Upon distillation, whiskey spirit is surprisingly crystal clear. Its famous golden colour comes from the ageing process and will differ in depth of hue depending on the type of wood the whisky is stored in and for how long. Using a new barrel made from ‘virgin wood’ is not preferred in the ageing of whiskey even though more colouration occurs from fresh wood. Instead, whisky is typically aged in a re-filled barrel. The colour and flavour of a whiskey can be drastically impacted by a barrel's previous spirit, for example; bourbon, brandy, sherry, or even port casks can be used to craft very particular tasting experiences.
It’s up to the master blenders to determine the preferred maturation conditions and to then carefully maintain a consistent fluctuation of the liquid, almost as if they are to keep the cask breathing as calm and as steady as possible.
Taste The Exceptional Character
In each presentation cabinet, there can be found a neatly tucked away booklet providing the much-discussed tasting notes for the admirer. For our final investigation, I shall hand you over to someone with an extensive blending portfolio, the man who is now responsible for safeguarding the last of the Littlemill liquid, master blender Michael Henry.
To quote Mr Henry; “On the nose, there is a crisp green apple and zesty grapefruit with notes of fragrant elderflower and ginger. Then, when you taste, it delivers a vibrant fruity flavour with hints of pineapple and peach, overlaid with lime citrus which is complemented by a melted brown-sugar sweetness and creamy vanilla. This gives way to a deliciously long finish with mouth-watering fruit, gooseberry and watermelon, and a gently warming cinnamon and nutmeg spice.”
Using water sourced from the Scottish Highlands in the Kilpatrick Hills, peat from Stornoway, and malt from Perthshire, Littlemill perfectly captures the Lowland whisky style. Michael Henry has achieved the preservation of the distillery in style and character, ensuring the legacy of the Littlemill Distillery lives on in each expression.

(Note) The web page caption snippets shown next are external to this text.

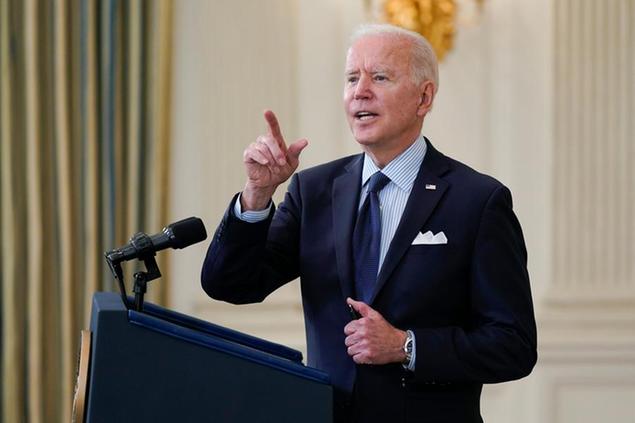 President Joe Biden takes questions from reporters as he speaks about the COVID-19 vaccination program, in the State Dining Room of the White House, Tuesday, May 4, 2021, in Washington. (AP Photo/Evan Vucci)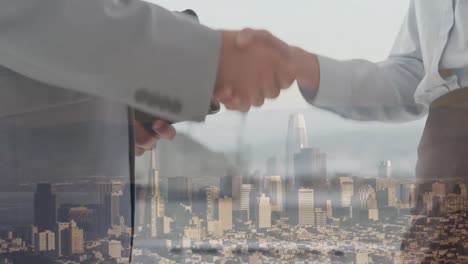 animation of businessman handshake over cityscape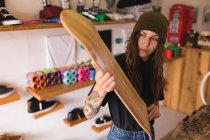 Schöne Frau untersucht Skateboard-Deck in Werkstatt — Stockfoto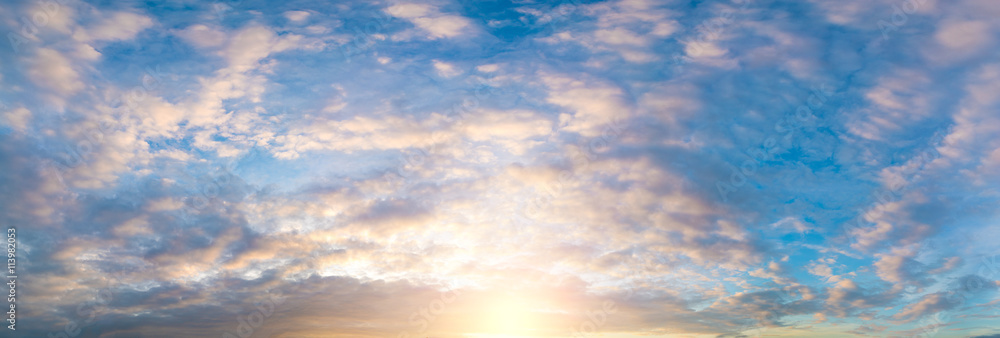 panorama of the sky during sunset or sunrise with cumulus clouds colored orange by the sun. panorama of the sky during sunset or sunrise with cumulus clouds colored orange by the sun.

We hope that you thoroughly enjoyed this article and would like to take the opportunity to formally thank those involved for their passionate commitment to the project. It has been an absolute pleasure to discuss and advise from a historical perspective. Paying particular thanks to Gary Mills at the Loch Lomond Group, who had the task of convincing the team that 18th-century drinking glasses might be more exciting (and less precarious) than crafting the liquid into 18th-century decanters, the results have entirely exceeded our expectations. A final thanks to all parties involved, the detail and care with which the Littlemill's Testament has been handled and presented is a flawless work of art that any collector would be proud to own and share.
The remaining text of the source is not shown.